The question of who will replace Plácido Domingo as general director of Los Angeles Opera following the embattled star’s recent resignation got a quick answer Monday: nobody.
L.A. Opera’s board of directors announced that it will consolidate the role of general director with the duties of company President and Chief Executive Christopher Koelsch, whose title will remain the same.
“We are fortunate to be able to centralize our management structure … under a leader like Christopher, whose vision, compassion and dedicated commitment to further expand opera’s presence in Southern California we fully support,” the board wrote in a statement to The Times.
The move comes after Domingo resigned Wednesday from the position he held since 2003, stating that the ongoing investigation into allegations of sexual harassment was distracting from the work of the company and making it impossible to do his job.
Domingo has denied the accusations, first reported by the Associated Press, saying that his actions had been misinterpreted and telling the AP in an official statement that the allegations were, “as presented, inaccurate.”
The choice of Koelsch as L.A. Opera’s top leader moving forward leaves the company without the glittery patina that Domingo brought to his role and that he parlayed into a powerful tool for fundraising.
But Koelsch, who has served the company since 1997 and was appointed president and chief executive in 2012, has earned a different kind of respect in the music world, said Renée Fleming, the soprano starring in L.A. Opera’s production of “The Light in the Piazza” opening Saturday.
“I think Christopher is one of the bright lights in opera in terms of leadership vision, how well he executes plans and how forward-thinking he is,” Fleming said. “And that’s something that opera needs across the country.”
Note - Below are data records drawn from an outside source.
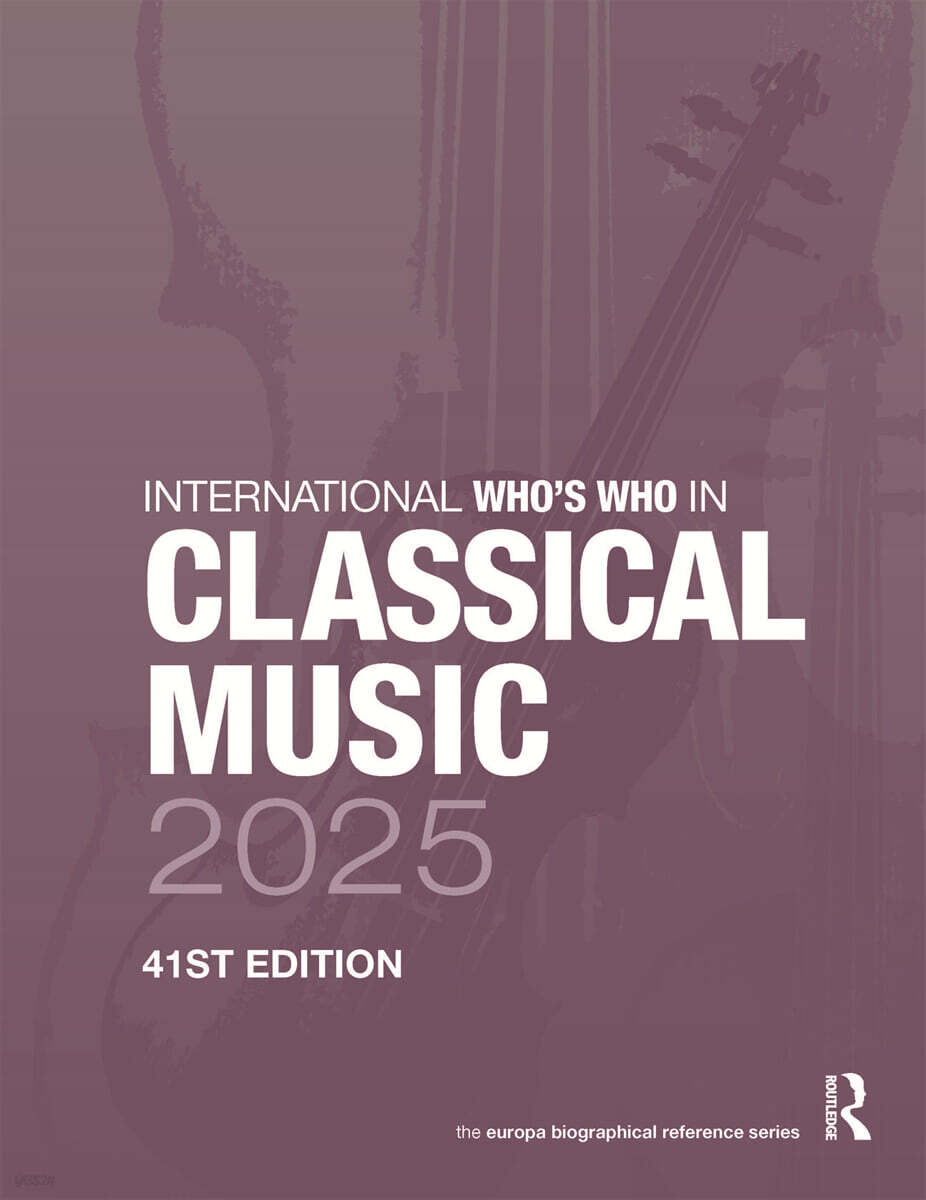 International Who's Who in Classical Music 2025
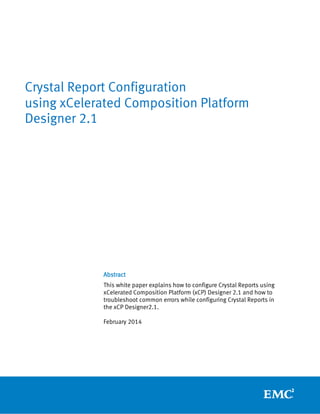 Abstract
This white paper explains how to configure Crystal Reports using
xCelerated Composition Platform (xCP) Designer 2.1 and how to
troubleshoot common errors while configuring Crystal Reports in
the xCP Designer2.1.
February 2014
Crystal Report Configuration
using xCelerated Composition Platform
Designer 2.1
Deborah Borda, president and chief executive of the New York Philharmonic, who led the Los Angeles Philharmonic for 17 years, echoed Fleming. Koelsch has, she said, “in essence been running the company and fulfilling this position for quite a while.”
“Christopher has been completely committed to the organization,” Borda said. “He brings a passion to L.A. Opera that will be unsurpassed.”
Borda said she has been impressed with Koelsch’s commitment to new music and was particularly excited by the 2012 launch of L.A. Opera’s “Off Grand” initiative, which brought world and West Coast premieres such as Ellen Reid’s Pulitzer-winning “prism,” David Lang’s “anatomy theater” and the Chelsea Manning-inspired “The Source.”
For skeptics, however, the Koelsch appointment will not resolve questions about the scope of the outside investigation being conducted by independent counsel Debra Wong Yang of the law firm Gibson, Dunn & Crutcher. Many have expressed concern about whether L.A. Opera management knew about instances of sexual harassment and whether it responded appropriately.
Yang has not responded to The Times’ queries about specifics of her investigation. When Domingo resigned, she said only, “Both we and L.A. Opera believe that it is important that our thorough and independent investigation continue.”
A timeline has not been announced for a conclusion to the investigation.
Koelsch, in a letter to the staff of L.A. Opera on Monday, expressed his “deep thanks” to Domingo for his service to the company, adding that he is leaving behind an organization that is in a “strong financial position, flourishing creatively and well-positioned for the future.”
Koelsch also wrote, “I am committed to a vigorous process of reflection and reform. It is imperative that we foster a positive environment that meets the needs of employees as well as the company. We will fall short of our goals unless every member of our community feels heard, valued and respected. I am committed to ensuring that they do.”